» Problem to work on:
Copy nothing but the line with "Extra Details: Plain back design." and the lines that follow it to the end of the entries below, and keep the pictures out.

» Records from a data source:
# # # # # # #
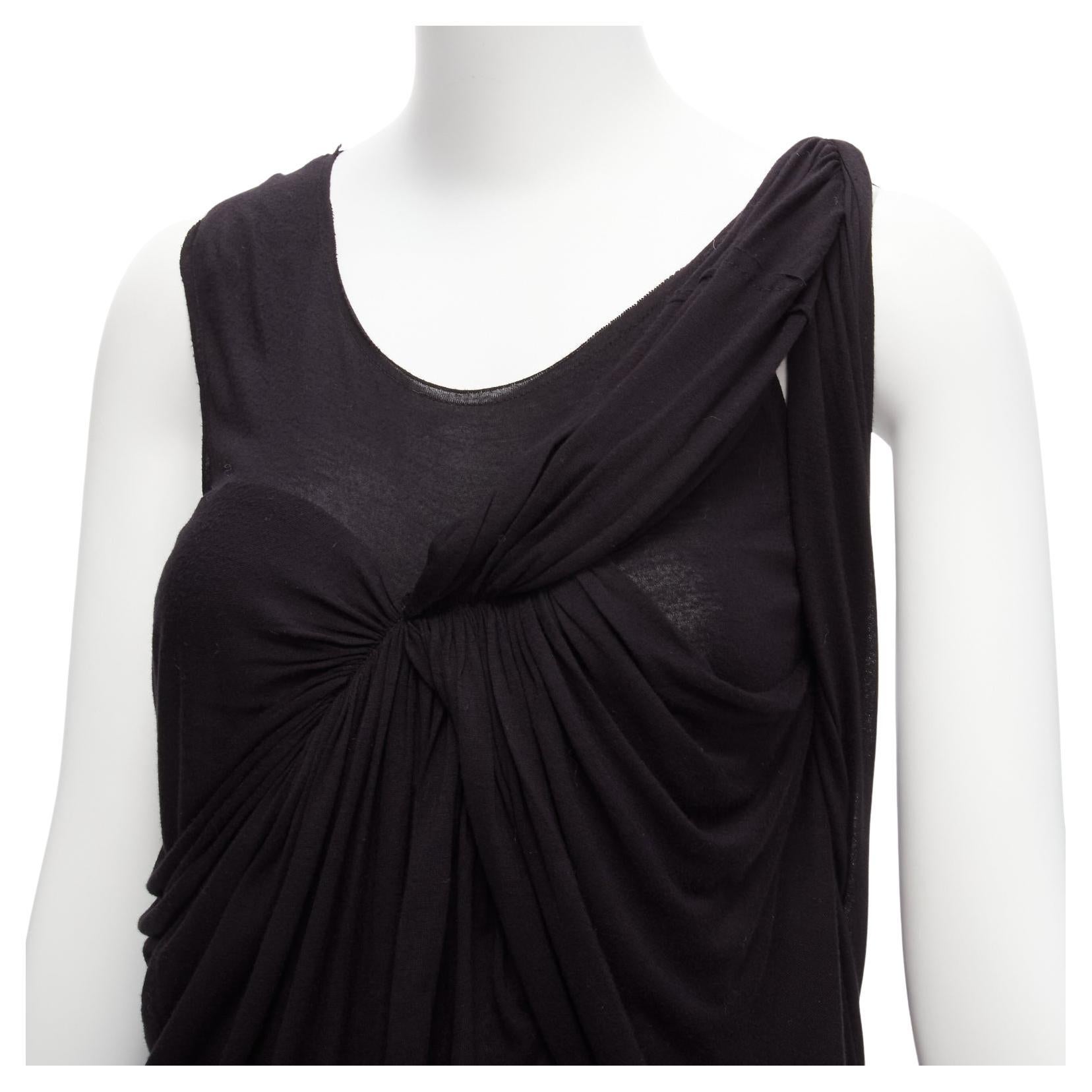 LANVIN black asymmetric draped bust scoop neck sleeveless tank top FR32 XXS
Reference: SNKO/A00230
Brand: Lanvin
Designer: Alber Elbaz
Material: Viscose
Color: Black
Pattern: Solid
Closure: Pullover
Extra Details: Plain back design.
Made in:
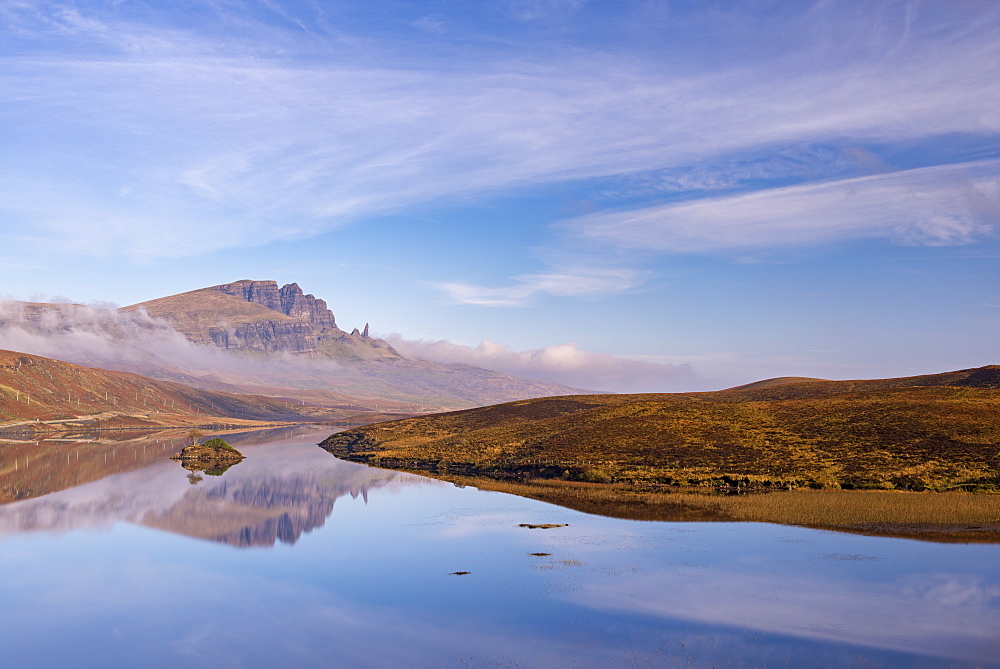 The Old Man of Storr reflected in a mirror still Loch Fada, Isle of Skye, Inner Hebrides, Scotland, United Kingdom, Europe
# # # # # # #
» Result for this task:
Extra Details: Plain back design.
Made in:
 The Old Man of Storr reflected in a mirror still Loch Fada, Isle of Skye, Inner Hebrides, Scotland, United Kingdom, Europe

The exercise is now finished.